# Xbatcher Caching Feature 

This notebook demonstrates the new caching feature added to xbatcher's `BatchGenerator`. This feature allows you to cache batches, potentially improving performance for repeated access to the same batches. 


## Introduction

The caching feature in xbatcher's `BatchGenerator` allows you to store generated batches in a cache, which can significantly speed up subsequent accesses to the same batches. This is particularly useful in scenarios where you need to iterate over the same dataset multiple times. 

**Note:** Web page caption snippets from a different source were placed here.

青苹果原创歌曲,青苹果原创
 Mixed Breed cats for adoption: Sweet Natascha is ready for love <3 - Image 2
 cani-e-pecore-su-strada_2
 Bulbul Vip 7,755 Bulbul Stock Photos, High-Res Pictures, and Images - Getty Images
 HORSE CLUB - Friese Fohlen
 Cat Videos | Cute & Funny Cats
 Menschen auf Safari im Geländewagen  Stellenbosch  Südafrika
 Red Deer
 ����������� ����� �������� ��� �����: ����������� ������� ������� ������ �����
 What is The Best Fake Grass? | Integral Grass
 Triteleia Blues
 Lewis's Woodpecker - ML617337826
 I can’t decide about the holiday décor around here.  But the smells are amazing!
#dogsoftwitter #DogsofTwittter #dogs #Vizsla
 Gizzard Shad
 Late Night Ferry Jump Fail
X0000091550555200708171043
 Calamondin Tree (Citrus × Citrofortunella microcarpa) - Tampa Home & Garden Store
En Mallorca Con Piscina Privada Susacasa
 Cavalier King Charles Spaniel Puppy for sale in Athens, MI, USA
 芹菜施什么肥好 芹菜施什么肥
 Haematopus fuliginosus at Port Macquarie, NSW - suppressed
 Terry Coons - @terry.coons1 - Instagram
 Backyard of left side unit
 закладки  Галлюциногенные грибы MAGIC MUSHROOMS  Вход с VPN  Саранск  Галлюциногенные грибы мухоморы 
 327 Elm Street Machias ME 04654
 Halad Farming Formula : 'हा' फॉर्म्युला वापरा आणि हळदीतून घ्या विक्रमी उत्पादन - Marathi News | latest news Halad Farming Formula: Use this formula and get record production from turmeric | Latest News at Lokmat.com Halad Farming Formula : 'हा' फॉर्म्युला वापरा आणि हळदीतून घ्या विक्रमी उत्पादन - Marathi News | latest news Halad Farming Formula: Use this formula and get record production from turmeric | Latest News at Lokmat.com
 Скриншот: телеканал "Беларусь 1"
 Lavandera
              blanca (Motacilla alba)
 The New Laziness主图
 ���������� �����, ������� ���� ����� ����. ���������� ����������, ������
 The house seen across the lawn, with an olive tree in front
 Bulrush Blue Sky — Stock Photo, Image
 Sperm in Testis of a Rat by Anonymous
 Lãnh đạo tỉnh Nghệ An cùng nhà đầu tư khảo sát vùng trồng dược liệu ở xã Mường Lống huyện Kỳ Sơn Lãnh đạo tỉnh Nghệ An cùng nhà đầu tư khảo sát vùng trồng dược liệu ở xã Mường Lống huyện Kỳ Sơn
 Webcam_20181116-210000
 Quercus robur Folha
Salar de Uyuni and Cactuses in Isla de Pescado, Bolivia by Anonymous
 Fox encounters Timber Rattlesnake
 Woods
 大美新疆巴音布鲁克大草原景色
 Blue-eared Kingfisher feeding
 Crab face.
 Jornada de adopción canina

The cache is pluggable, meaning you can use any dict-like object to store the cache. This flexibility allows for various storage backends, including local storage, distributed storage systems, or cloud storage solutions.

## Installation 

To use the caching feature, you'll need to have xbatcher installed, along with zarr for serialization. If you haven't already, you can install these using pip:

```bash
python -m pip install xbatcher zarr
```

or 

using conda:

```bash
conda install -c conda-forge xbatcher zarr
```


## Basic Usage 

Let's start with a basic example of how to use the caching feature:

In [None]:
import tempfile

import xarray as xr
import zarr

import xbatcher

In [None]:
# create a cache using Zarr's DirectoryStore
directory = f'{tempfile.mkdtemp()}/xbatcher-cache'
print(directory)
cache = zarr.storage.DirectoryStore(directory)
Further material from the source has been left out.